Disorders Of the Gastrointestinal System Gastric Ulcer

Peptic Ulcer Symptoms

  • Burning stomach pain. The most common symptom of a duodenal ulcer is waking at night with upper abdominal pain that improves with eating. With a gastric ulcer, the pain may worsen with eating. The pain is often described as a burning or dull ache.
  • The feeling of fullness, bloating, or belching
  • Fatty food intolerance
  • Heartburn
  • Nausea

Causes Of Peptic Ulcer

  • H. pylori infection
  • NSAIDs
  • Alcohol
  • Cigarette smoking
  • Psychogenic stress

Peptic Ulcer Pathogenesis: It is a physiological marvel that gastric juice can easily digest the swallowed pieces of meat but normally, it has no corrosive action on the gastric mucosa itself. Several factors seem to be involved in the protection of gastric mucosa from autodigestion. These factors, collectively known as the gastric mucosal barrier, include:

  1. Mucus secreted by surface epithelial cells and mucus neck glands which forms a water insoluble visco-elastic gel with poor diffusion coefficient for H+.
  2. Bicarbonate is secreted by surface epithelial cells into the boundary zone between the epithelial cells and the mucus layer.

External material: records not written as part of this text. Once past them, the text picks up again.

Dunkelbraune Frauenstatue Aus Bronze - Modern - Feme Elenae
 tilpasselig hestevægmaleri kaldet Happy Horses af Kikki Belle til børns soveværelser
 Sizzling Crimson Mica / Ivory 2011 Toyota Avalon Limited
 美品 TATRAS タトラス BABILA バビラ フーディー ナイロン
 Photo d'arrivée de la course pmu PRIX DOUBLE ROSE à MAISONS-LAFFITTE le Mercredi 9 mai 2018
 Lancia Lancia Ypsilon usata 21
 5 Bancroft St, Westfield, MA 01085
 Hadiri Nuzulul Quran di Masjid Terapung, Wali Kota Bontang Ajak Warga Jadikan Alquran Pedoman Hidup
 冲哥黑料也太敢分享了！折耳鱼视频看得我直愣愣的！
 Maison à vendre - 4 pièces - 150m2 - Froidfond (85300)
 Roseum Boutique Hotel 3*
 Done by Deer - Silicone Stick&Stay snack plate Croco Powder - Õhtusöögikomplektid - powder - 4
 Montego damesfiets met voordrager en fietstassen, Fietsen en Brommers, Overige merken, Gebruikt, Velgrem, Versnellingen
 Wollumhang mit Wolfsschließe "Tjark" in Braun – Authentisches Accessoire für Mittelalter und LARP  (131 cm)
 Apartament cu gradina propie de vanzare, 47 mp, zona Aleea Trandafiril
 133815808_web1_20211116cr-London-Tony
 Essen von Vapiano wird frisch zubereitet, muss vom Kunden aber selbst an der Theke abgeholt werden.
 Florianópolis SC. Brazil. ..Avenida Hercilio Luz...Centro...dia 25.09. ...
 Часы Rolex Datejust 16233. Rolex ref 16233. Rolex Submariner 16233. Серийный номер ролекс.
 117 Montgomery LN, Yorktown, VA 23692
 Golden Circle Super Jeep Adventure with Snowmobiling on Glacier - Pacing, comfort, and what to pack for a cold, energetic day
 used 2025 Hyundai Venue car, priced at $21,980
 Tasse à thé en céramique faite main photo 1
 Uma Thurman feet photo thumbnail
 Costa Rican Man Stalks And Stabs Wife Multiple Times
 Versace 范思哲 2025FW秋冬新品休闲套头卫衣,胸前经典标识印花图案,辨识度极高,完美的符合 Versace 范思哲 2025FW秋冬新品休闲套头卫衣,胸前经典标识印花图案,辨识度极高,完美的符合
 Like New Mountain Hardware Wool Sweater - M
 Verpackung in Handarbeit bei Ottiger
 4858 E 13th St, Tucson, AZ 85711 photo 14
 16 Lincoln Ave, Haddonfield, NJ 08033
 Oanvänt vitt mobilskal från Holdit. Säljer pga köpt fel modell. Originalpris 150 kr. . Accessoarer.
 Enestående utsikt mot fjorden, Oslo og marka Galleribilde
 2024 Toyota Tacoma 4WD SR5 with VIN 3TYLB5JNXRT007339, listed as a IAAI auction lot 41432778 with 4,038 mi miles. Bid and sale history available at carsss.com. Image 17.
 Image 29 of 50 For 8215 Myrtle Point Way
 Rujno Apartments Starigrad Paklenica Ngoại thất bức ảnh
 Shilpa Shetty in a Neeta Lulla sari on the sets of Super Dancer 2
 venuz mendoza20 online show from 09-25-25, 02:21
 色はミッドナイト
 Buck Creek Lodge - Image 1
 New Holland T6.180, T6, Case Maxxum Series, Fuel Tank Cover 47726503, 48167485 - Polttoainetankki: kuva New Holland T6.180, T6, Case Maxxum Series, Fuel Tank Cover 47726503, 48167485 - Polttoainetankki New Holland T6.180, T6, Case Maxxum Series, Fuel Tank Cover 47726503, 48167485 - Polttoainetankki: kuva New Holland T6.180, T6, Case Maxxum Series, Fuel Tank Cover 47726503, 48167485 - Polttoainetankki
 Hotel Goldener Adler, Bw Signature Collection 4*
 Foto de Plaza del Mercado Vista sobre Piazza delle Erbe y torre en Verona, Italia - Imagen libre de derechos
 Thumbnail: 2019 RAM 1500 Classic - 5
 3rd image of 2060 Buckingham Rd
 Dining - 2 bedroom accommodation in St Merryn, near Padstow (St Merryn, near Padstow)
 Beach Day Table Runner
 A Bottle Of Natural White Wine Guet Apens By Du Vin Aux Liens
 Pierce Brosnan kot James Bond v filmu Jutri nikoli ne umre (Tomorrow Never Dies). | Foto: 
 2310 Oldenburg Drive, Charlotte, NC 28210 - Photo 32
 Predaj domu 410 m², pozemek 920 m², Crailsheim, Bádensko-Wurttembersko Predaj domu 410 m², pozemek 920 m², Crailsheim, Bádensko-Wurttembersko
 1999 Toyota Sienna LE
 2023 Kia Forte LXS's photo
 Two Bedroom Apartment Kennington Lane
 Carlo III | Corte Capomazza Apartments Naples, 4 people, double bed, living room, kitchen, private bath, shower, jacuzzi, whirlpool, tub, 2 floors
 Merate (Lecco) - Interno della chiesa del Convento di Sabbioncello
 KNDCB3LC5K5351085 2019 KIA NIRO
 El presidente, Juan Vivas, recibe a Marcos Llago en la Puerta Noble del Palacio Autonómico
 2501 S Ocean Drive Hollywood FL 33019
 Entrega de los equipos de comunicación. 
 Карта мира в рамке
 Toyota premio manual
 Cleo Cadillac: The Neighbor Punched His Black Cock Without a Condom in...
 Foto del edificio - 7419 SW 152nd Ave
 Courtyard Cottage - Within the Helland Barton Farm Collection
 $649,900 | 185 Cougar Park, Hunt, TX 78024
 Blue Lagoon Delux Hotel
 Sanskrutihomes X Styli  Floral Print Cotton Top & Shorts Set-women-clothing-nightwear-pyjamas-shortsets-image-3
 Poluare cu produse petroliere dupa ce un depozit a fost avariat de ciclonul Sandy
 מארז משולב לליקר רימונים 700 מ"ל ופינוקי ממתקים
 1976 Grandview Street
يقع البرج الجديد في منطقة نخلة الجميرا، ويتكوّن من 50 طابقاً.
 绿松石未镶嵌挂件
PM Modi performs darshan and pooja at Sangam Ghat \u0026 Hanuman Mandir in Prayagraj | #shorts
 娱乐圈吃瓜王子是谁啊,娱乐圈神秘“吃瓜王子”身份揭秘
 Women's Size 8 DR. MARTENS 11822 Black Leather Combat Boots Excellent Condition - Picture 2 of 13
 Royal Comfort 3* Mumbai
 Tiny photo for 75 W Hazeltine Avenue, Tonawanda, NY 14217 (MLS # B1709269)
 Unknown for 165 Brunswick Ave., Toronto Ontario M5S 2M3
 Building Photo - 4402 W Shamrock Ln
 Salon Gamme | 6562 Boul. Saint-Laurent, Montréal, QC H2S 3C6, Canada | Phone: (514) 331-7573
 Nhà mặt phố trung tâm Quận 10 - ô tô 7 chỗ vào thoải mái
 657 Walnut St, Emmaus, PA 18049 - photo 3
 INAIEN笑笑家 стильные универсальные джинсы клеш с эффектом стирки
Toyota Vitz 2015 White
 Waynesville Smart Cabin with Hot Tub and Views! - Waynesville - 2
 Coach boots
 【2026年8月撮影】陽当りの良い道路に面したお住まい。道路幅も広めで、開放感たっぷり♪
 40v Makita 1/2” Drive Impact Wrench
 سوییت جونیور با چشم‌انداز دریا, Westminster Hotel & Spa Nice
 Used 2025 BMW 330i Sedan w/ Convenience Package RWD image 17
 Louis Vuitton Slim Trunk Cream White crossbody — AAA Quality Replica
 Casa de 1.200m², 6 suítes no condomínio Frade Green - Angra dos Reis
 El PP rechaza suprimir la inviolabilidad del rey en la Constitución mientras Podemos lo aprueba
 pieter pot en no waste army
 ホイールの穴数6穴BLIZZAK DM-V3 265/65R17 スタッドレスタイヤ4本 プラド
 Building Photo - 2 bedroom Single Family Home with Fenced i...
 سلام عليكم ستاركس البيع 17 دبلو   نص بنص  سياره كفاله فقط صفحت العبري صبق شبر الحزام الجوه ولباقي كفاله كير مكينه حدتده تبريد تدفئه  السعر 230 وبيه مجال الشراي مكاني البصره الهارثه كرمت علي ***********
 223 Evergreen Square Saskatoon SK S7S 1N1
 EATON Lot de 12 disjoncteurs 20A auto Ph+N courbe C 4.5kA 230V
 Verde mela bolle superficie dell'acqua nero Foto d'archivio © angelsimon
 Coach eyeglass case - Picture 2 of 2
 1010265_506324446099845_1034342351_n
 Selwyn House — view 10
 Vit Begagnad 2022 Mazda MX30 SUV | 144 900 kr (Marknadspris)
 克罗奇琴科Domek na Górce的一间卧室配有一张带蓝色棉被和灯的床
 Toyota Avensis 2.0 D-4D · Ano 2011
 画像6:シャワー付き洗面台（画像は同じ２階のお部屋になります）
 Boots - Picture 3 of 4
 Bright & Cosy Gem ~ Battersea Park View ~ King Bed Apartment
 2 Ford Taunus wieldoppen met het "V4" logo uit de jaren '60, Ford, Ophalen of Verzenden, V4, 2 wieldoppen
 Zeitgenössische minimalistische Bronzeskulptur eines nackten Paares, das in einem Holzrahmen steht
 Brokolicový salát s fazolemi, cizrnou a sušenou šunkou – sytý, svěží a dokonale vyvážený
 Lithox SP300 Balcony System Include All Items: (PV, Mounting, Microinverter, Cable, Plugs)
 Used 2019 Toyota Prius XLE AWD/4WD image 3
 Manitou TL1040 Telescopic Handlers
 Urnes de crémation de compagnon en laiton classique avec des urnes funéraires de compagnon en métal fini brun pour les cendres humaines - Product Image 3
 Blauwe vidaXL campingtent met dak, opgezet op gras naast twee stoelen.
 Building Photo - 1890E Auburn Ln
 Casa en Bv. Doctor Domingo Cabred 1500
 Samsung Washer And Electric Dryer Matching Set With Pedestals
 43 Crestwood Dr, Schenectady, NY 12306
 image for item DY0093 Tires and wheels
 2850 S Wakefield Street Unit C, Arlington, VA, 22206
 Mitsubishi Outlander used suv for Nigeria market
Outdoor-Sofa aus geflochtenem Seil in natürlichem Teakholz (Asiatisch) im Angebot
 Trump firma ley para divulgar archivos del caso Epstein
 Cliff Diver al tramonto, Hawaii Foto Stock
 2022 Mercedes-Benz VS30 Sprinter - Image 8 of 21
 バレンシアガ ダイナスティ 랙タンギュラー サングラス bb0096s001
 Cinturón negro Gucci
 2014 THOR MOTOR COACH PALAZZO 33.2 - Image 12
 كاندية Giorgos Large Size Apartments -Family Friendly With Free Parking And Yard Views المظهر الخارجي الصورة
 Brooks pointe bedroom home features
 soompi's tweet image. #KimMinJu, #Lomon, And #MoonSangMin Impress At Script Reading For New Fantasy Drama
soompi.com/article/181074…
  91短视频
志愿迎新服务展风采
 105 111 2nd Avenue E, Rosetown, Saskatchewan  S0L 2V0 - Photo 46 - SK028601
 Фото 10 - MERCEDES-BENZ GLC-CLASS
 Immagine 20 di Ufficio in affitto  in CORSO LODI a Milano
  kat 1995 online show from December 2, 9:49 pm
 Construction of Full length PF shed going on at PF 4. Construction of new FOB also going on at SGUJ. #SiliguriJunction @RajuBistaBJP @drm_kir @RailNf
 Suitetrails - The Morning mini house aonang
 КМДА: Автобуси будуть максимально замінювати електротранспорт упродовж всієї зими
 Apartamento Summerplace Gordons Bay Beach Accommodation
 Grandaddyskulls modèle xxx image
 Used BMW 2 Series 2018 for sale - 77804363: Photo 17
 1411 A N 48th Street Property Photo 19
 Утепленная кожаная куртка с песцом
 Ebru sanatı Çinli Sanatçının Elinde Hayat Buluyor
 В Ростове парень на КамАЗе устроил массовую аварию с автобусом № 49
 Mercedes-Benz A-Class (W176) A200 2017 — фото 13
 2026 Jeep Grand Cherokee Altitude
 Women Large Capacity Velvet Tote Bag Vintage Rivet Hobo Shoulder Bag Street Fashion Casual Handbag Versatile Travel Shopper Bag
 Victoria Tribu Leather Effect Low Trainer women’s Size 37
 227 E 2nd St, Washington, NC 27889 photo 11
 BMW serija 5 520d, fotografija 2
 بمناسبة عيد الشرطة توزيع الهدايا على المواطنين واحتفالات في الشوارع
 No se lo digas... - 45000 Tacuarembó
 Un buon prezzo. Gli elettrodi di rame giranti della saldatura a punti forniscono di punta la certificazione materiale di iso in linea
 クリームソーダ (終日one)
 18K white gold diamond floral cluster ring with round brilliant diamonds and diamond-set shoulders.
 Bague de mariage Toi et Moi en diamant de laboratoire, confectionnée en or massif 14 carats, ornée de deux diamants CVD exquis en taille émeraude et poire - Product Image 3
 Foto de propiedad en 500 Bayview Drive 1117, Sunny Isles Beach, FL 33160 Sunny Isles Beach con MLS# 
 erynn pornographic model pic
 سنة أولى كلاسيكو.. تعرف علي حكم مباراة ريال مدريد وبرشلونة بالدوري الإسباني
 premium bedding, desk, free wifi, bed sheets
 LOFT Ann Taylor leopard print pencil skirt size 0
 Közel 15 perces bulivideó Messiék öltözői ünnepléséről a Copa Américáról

The secretion of mucus and bicarbonate is believed to be mediated through prostaglandins.
  3. Tight Junctions between the adjacent cells of gastric surface epithelium.
  4. Rapid Turnover of surface epithelial cells, and rich blood supply.
  5. Prostaglandins: Endogenous prostaglandins stimulate the secretion of gastric mucus as well as gastric and duodenal mucosal bicarbonate. Prostaglandins also participate in the maintenance of gastric mucosal blood flow and integrity of the mucosal barrier and promote epithelial cell renewal in response to mucosal injury.

Under normal conditions, a physiologic balance exists between peptic acid secretion and gastro-duodenal mucosal defense. Mucosal injury may lead to peptic ulcer when the balance between the aggressive factors and the defensive mechanisms is disrupted.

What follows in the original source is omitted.